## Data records
# # # # #
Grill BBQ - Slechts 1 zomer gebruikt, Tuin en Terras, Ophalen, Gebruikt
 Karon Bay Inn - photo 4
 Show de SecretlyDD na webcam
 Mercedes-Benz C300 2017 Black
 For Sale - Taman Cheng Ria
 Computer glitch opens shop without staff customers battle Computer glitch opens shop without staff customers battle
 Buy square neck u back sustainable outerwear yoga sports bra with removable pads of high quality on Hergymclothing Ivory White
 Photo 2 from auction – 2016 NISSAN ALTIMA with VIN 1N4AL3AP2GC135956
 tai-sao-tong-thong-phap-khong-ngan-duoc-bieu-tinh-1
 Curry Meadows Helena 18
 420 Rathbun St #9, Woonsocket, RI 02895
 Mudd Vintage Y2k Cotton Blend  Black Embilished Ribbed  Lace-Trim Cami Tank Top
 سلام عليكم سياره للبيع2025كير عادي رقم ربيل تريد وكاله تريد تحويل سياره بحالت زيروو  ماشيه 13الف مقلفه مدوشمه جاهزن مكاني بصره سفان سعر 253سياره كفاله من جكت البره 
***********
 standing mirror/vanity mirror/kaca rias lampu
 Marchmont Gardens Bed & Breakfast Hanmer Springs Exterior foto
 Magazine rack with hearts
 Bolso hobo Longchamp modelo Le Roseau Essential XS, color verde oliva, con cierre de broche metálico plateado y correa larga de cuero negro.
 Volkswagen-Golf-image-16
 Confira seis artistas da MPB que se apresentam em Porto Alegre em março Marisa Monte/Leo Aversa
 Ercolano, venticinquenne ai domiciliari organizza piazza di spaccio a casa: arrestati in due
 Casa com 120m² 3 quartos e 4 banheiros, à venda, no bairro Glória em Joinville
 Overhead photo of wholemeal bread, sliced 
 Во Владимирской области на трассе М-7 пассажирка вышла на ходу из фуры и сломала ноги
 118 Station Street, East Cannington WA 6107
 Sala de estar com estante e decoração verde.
# # # # #
## EXERCISE BRIEF
Set down no line except those from the one with "Во Владимирской области" to the last line of the data, inclusive, each exactly as written.

## TASK SOLUTION
 Во Владимирской области на трассе М-7 пассажирка вышла на ходу из фуры и сломала ноги
 118 Station Street, East Cannington WA 6107
 Sala de estar com estante e decoração verde.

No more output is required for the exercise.